The projector arrives in a box. You simply slide out the contents, which include a cardboard tube, a lens and some rubber seals. You’ll also need some super glue, which doesn’t actually come in the box. This is the quickest way to get things done and, although you could probably try wood or paper glue, the super glue solution is quicker and gives the whole thing a more sturdy finish.
Your smartphone is designed to slide into the back of the projector and is held in place with one of those sticky gel pads so that your phone doesn’t flop forward.
To be honest I rather enjoyed creating the projector myself. It didn’t take too long and, although I had to keep my son well away from the super glue, he helped me with the instructions. It’s all pre-folded and cut so you simply glue the relevant bits together and off you go.
The final piece of the puzzle involves popping the lens on the end of the cardboard tube, then you’re ready to go.
Then that’s pretty much it. You’ll need to download a little app which will flip the screen on your smartphone, plus you’ll need to crank up the brightness to full, but you can start projecting your screen onto the wall.
The box itself is said to project the sound from your phone to make it sound louder, but I actually found that the sticky pad blocked a lot of the sound. I tried it with various different handsets and there’s a small element of adjustment you’ll need to make to begin with. The back of the projector is a slide-out tray. Slide this back or forward to change the sharpness of the picture. You can also bring the projector closer to the wall or door you’re using as your screen to make it larger.
In practice I found that a perfectly white door, like a cupboard door, worked best. Unfortunately there’s really nothing that can be done to boost the brightness of your image any further than the slightly battery-sucking brightness fiddling on your smartphone screen.
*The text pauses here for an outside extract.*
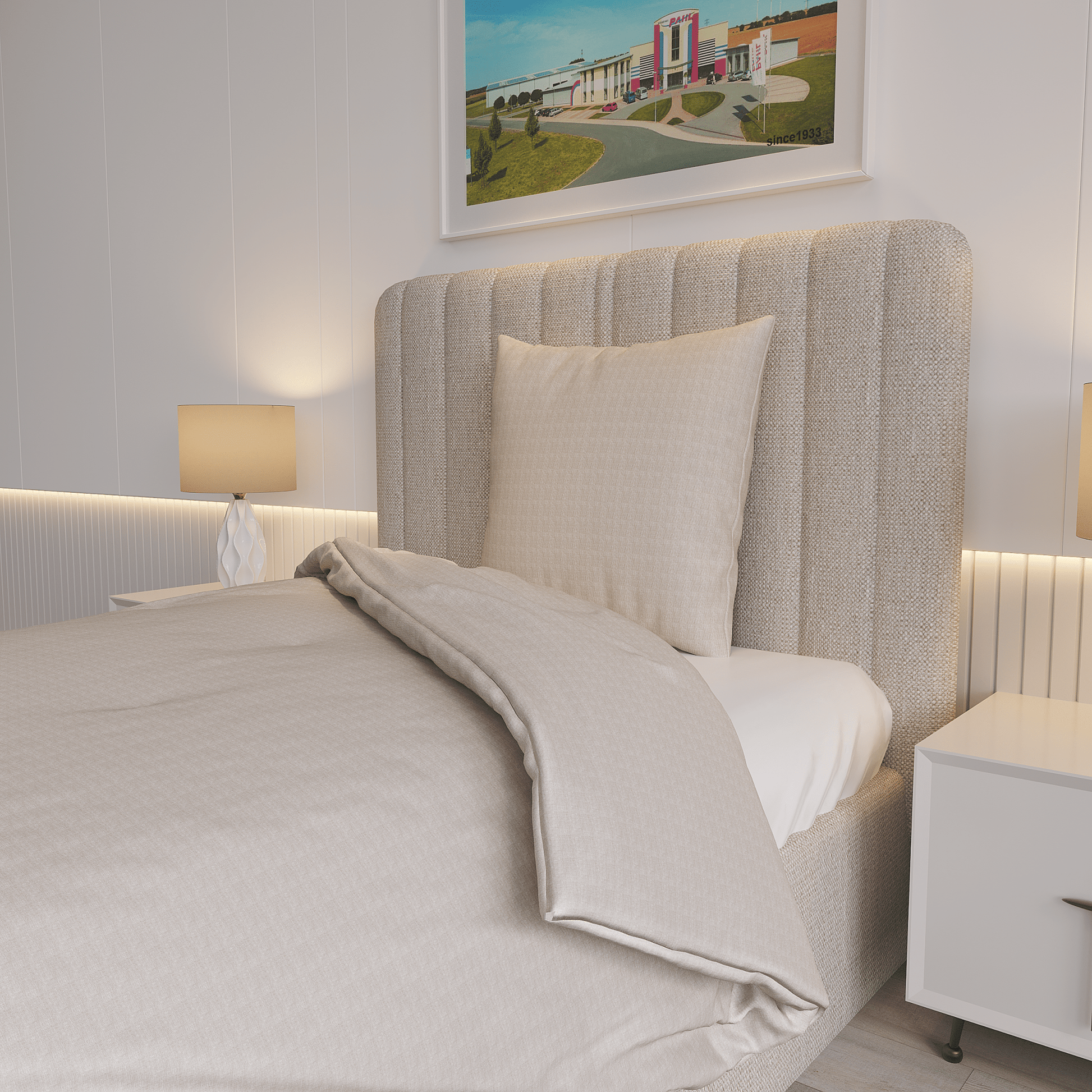 Weberei Pahl Kissenbezugset Dallas Christa 2x 80x80 cm (BEIGE) S10053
With it cranked up at absolutely full blast and “automatic” backlight adjustment disabled, I found that the resulting projected image was watchable only in an absolutely pitch-black room with a gloss-white door to project onto. The resulting image seems to be around 10-20 inches wide depending on the width of your smartphone screen and how far away from the wall / door you are. You should be able to see how dark the room needs to be on this shot of the projected image.
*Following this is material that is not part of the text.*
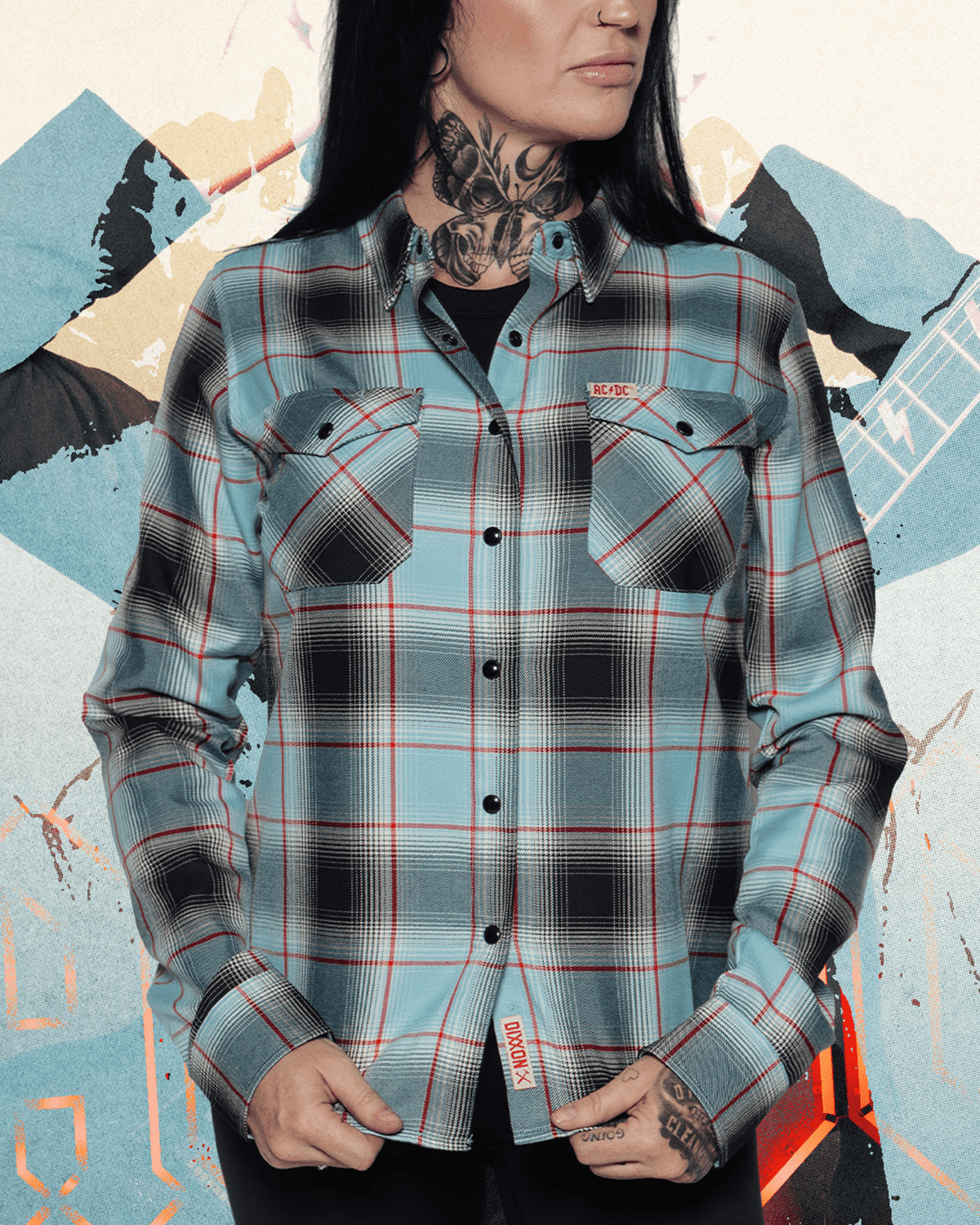 Women's ACDC Dirty Deeds Done Dirt Cheap Flannel - view 2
If you’re looking for a cheap and fun present to keep a smartphone fan entertained, it could be worth a punt. Do remember that you’ll need to be sitting completely in the dark and you’ll definitely need to keep your charge cable plugged in while you use it as it’ll use more of your battery with the brightness turned up full. Also remember that the screen rotation app (which forces the screen to appear upside down so that it shows the right way up when projected) needs to be turned on each time you intend on using this. If you’re in a caravan, or out camping, it’s a fun thing to use to perhaps have a little mobile movie.
It won’t replace a DLNA “beam it to your TV” option if you’re after the full cinema experience and it won’t really show a great deal if you’ve got a light on in the room. However, if you’re after a fun gift for someone who needs to get it slightly larger in a darkened room, this could be your thing.